In his first appearance in "Solar Snoops", Sentro was operated by the Galactic Sneak where he and Cogswell controlled Sentro into stealing the prototype Microchip Cookie that Mr. Spacely was working on where Sentro posed as a security guard dog that was delivered to Mr. Spacely.

In The Jetsons Meet the Flintstones, Sentro is used again by Mr. Cogswell to steal the information about the prehistoric car that Mr. Spacely plans to market. Sentro is thwarted by both the Flintstones and the Jetsons.

Sentro later appeared as a boss in the video game The Jetsons: Cogswell's Caper.

===Henry Orbit===
Henry Orbit (voiced by Daws Butler) is the apartment building superintendent of the Skypad Apartments. He has an assistant robot M.A.C.C. who is also dating Rosie the Jetson's housekeeper robot.
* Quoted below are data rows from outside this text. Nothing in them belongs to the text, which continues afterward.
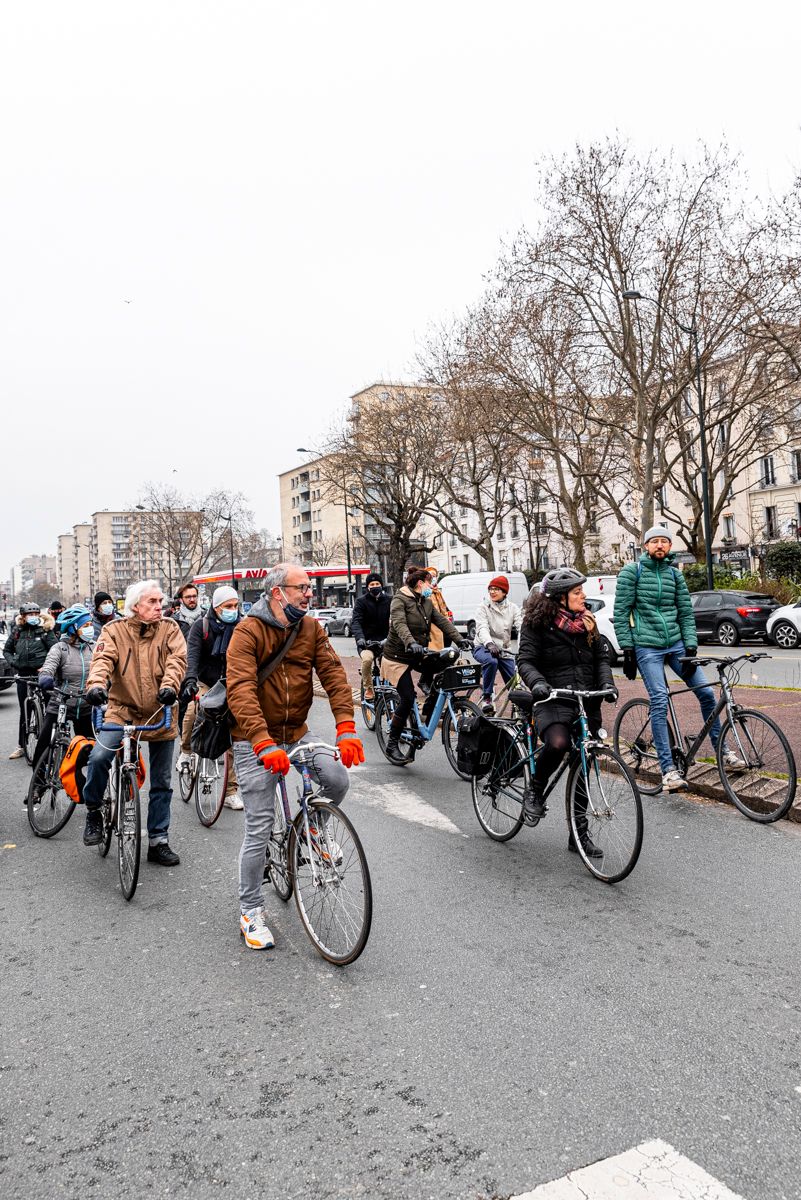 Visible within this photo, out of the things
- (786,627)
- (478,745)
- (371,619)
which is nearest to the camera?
(478,745)

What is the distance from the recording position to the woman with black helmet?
18.1 ft

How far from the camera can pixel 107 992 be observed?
3.96 m

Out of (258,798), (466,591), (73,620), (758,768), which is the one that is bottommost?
(758,768)

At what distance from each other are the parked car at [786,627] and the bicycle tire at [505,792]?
62.7ft

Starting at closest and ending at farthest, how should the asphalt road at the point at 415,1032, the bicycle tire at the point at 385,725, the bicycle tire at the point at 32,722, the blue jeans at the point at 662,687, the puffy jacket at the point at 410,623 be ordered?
1. the asphalt road at the point at 415,1032
2. the blue jeans at the point at 662,687
3. the puffy jacket at the point at 410,623
4. the bicycle tire at the point at 385,725
5. the bicycle tire at the point at 32,722

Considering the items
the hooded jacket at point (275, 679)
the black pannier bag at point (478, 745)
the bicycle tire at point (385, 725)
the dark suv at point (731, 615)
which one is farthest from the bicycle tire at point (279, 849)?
the dark suv at point (731, 615)

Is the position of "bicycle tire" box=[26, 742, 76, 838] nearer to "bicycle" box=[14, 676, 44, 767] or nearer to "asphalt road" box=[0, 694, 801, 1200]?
"asphalt road" box=[0, 694, 801, 1200]

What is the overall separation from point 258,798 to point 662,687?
12.3 feet

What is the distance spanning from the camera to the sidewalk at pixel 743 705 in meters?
7.04

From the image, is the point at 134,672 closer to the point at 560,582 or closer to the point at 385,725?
the point at 560,582

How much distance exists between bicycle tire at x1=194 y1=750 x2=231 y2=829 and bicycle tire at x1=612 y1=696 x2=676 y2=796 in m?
3.15

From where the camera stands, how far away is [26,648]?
10.2 meters

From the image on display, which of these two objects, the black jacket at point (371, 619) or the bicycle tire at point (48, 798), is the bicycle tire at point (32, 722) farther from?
the black jacket at point (371, 619)

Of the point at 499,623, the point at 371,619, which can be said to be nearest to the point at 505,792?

Henry is known for giving George advice and is a part-time inventor, although both more often than not tend to backfire on him.

===M.A.C.C.===
M.A.C.C. (voiced by Don Messick) is the robotic assistant of Henry Orbit who started dating Rosie after Elroy figured out that they fell in love.

===Montague Jetson===
Montague Jetson (voiced by Howard Morris) is the 110-year-old grandfather of George Jetson and the great-grandfather of Elroy and Judy.

===Marcia Van Marsdale===
Marcia Van Marsdale is Judy's high school rival. Marcia is a snobbish girl who tries to outdo Judy, be it by trying to get a boy that Judy fancies or beating Judy and her father at the Father-Daughter Dance.

===Uniblab===
Uniblab (voiced by Don Messick) is George's mortal enemy, an obnoxious robot who was also his supervisor at work. Appearing in "Uniblab", he becomes George's supervisor and exposes information that caused Mr. Spacely to fire George. Thanks to the meddling of George and Henry, Uniblab went haywire and Mr. Spacely threw Uniblab out. Henry later hired Uniblab only for George to throw Uniblab out. In "G.I. Jetson", Uniblab becomes the Sergeant of George's platoon. General Missile stated that "Cost the government millions ... enough for two officers' clubs". George and Henry swapped out his A/C pack with a D/C pack which caused Uniblab to malfunction.

Uniblab later appeared in the 1980s episode, "Wedding Bells for Rosey", where he reveals to Rosie that the new "B.E.B.O.P." law enforcement was a ruse. Uniblab later made a cameo in "The Jetsons Christmas Carol" attending an office Christmas party at Spacely Sprockets before Mr. Spacely put an end to it and ordered everybody to get back to work.

His name is a pun of UNIVAC.

===Di-Di===
Di-Di (voiced by Selma Diamond in "Di-Di's Birthday Surprise", Brenda Vaccaro in "9 to 5 to 9" and The Jetsons Meet the Flintstones) is Judy's interactive digital diary.

===Miss Galaxy===
Miss Galaxy (voiced by Jean Vander Pyl) is a secretary at Spacely Sprockets.

===Miss Brainmocker===
Miss Brainmocker (voiced by Janet Waldo) is Elroy's robot teacher at Little Dipper School.